The Inclusive Business Action Network (IBAN) and the Responsible & Inclusive Business Hub (RIBH GIZ) invited 20 Tunisian entrepreneurs from the local food industry to Tunis to identify how to integrate low-income groups into their value chains. Our research and the discussions revealed that the concept of inclusive business exists in Tunisia, but the specific term is not yet used.
Tunisia is quite a particular market for FMCG: in a country where more than 60% of the population lives on less than 9 dollars a day, we found most inclusive business in FMCG involve low-income groups as suppliers. Companies like the Tunisian subsidiary of dairy company Danone, Delice Group, tomato processor SICAM and date exporter VACPA interact with a large number of smallholder farmers. To secure consistent supply and good quality, companies provide support to farmers through training on good farming practices, productivity increase, hygiene standards or managerial skills. The companies also partner with financing institutions for better access to finance or offer machinery, that they buy in bulk at low cost to their farmers.
We only found a couple of examples of FMCG companies in Tunisia involving low-income groups in other parts of the value chain: the retailer Mazraa Market is developing a small franchise supermarket chain that trains unskilled labor as sales staff, who then gradually acquire the management and accounting skills required to become entrepreneurs in their own right. Tunisie Recyclage and EcoGad employ waste pickers who thus generate an income and support the waste management.
Compared to other countries with a similar high percentage of low-income population, there are only few activities tailored to this group. Why do companies not have sales strategies for low-income groups? In Tunisia, many basic FMCG food items like milk, flour and vegetable oil are subsidized by the government, and companies reported that data available on the target group is, as so often, limited. FMCG are widely available, also in rural areas, so there are no particular strategies for last-mile delivery as the infrastructure is relatively well developed and transport not too expensive. The resulting low prices of FMCG makes affordability not a key issue.
There is, however, the potential to engage the target group earlier in company value chains. Involving low-income customers in the design of products that meet their needs will help to ensure that these products are relevant for and accepted by, say, customers who we interviewed for the report like Dunja and Mohammed (see their profiles in the boxes). In Egypt, Tetra Pak identified the needs and aspirations of its low-income customers by including them in the design of products.
One interesting solution could be to engage micro-entrepreneurs in collecting market intelligence on informal markets and thus to advise companies on how to design and market their products in low-income or rural environments. Involving customers in the development of marketing messages may also be a potential field for companies to explore.

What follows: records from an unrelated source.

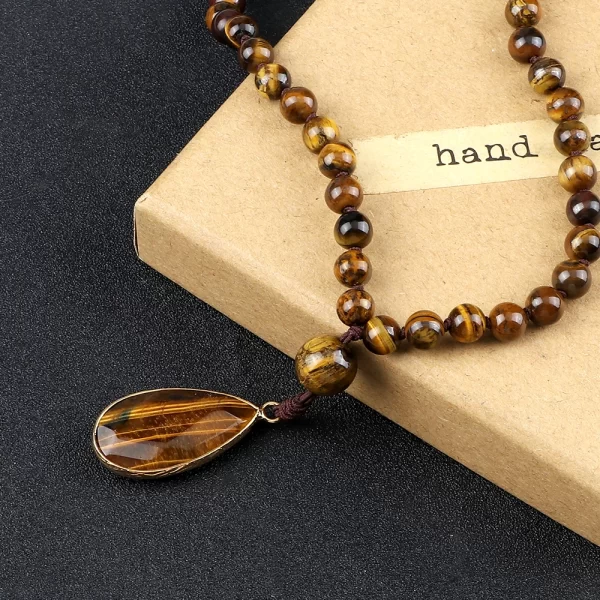 Colar Unissex Handmade Knotted Tiger Eye Colar de pedra, 108 Mala Beads Colares, Pingente Drop, Design Vintage, Ioga Jóias, 6mm - Image 2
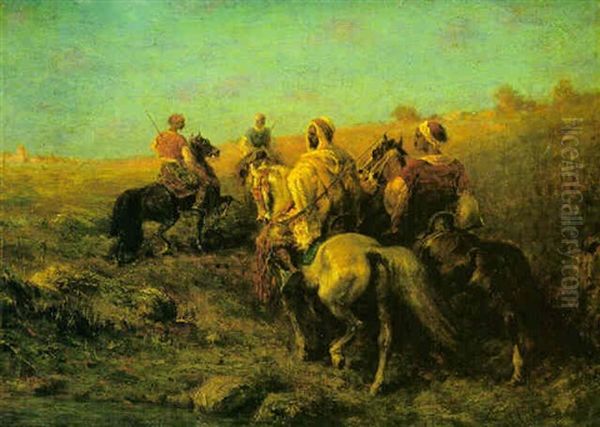 Arabian Horsemen Near A Watering Place - view 1
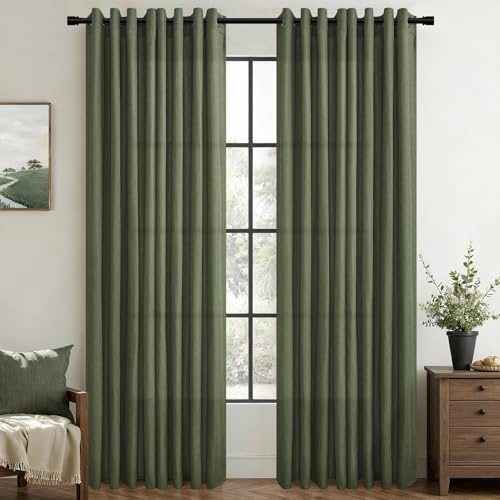 Topfinel Tenda Per Interni Camera da Letto Salotto Moderne Verde Oliva Scuro Lino e Cotone Naturale con Anelli Oscuranti Tende Porta Finestra Cameretta Bambina Tendine per Finestre 140x235cm, 2pz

The diverse group of participants, including rural farmers who travelled 3 hours from rural Kairouan to Tunis to participate in the workshop and company representatives from Tunis, presented concrete ideas on how to adopt their newly acquired knowledge for their purpose: Working on inclusive (agri-)business plans, raising awareness on a balanced diet, looking for business design and implementation partners, and working with IBAN to further the understanding of inclusive business. Following the workshop, IBAN provides support on the ground through a local consultant that accompanies companies in their endeavors.
In November 2016, RIBH, IBAN and Endeva organized a workshop for company representatives and entrepreneurs of the Tunisian food sector, following Endeva’s research on Inclusive business in Tunisia with a focus on edible fast-moving consumer goods. In the workshop Délice Danone shared how they source milk from 60,000 smallholder farmers owning five or fewer cows. For more information on the Delice model, read the blog here.
 The IFC defines the base of the economic pyramid as all those with incomes below USD 3,000 in local purchasing power. This corresponds with a per-person per-day income of USD 9 at 2005 purchasing power parity.